Good luck with that. The problem is not that they are hard languages, the problem is it's very hard to find any material for them!
With the years I have come to a different conclusion about Turkic languages.
Turkish speakers can easily understand Azeri, but it sounds like baby-talk. I was in the hospital once and the doctor was Azeri, and even though the subject was very serious my mother and I had a hard time not to start rolling on the floor while laughing!
Other than Azeri all the other Turkic languages take some major time for a Turk to understand, anybody who says something else says so out of patriotism. But hey, that is not a bad thing...I am also a German native speaker and I cannot understand German dialects, even if my life depended on it (Baverian drives me nuts)!

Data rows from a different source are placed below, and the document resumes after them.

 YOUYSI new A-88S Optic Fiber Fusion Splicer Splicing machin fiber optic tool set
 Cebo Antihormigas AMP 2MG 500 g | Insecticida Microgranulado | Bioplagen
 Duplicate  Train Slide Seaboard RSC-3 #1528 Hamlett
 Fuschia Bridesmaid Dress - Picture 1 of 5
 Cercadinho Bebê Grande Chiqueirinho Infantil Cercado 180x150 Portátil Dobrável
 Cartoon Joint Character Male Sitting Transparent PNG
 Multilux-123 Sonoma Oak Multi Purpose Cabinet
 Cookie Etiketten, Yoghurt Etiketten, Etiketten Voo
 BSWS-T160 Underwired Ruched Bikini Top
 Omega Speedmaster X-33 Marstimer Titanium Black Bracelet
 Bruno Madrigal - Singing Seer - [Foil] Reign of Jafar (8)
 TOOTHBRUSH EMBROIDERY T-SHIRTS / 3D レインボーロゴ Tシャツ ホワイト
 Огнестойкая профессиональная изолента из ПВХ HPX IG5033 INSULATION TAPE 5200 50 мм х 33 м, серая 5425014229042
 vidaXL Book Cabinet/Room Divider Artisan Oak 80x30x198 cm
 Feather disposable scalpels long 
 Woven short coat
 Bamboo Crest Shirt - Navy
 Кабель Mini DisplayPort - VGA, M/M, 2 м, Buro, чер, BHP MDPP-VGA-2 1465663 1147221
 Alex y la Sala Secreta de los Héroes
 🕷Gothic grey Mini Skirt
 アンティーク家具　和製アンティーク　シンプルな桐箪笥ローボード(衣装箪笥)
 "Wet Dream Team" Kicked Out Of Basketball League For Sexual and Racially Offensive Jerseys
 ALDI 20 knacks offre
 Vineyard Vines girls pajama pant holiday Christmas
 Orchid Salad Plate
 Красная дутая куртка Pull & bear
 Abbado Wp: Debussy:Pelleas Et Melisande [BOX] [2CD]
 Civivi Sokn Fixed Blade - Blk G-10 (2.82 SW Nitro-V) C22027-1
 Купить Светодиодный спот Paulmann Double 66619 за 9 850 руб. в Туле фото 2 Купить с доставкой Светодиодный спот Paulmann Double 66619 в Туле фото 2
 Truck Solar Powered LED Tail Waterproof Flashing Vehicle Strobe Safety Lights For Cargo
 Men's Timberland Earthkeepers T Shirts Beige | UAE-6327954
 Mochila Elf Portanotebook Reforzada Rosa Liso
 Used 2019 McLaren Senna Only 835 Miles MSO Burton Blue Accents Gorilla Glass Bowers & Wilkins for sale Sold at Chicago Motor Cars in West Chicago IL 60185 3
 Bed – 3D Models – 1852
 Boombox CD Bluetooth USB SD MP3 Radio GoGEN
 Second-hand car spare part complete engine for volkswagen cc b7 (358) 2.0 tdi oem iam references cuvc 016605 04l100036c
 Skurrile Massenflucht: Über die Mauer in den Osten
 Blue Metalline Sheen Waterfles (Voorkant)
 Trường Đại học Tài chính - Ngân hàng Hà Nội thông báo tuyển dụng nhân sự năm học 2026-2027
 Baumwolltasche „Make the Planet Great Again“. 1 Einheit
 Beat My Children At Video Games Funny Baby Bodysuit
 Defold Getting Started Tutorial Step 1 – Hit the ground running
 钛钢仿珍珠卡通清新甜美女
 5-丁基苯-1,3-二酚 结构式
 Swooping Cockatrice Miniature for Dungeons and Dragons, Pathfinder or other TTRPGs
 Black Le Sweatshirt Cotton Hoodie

There are several reasons for learning Turkish:
1.) Most Turkic speakers are Turkish speakers
2.) Turkey is BOOMING
3.) Every easy to reach (especially from Europe) and fairly safe to travel (not more dangerous than the US certainly)
4.) There is a buttload of learning material out there, same applies to native level material (movies, games, series, books, magazines) about a lot of topics (other Turkic languages will have a much smaller selection)
Other than that, there are no reasons. Turkish will make THINKING in Turkic a lot easier and you will have a headstart with many words and concepts, but it will not make learning another Turkic language (other than Azeri) significantly easier.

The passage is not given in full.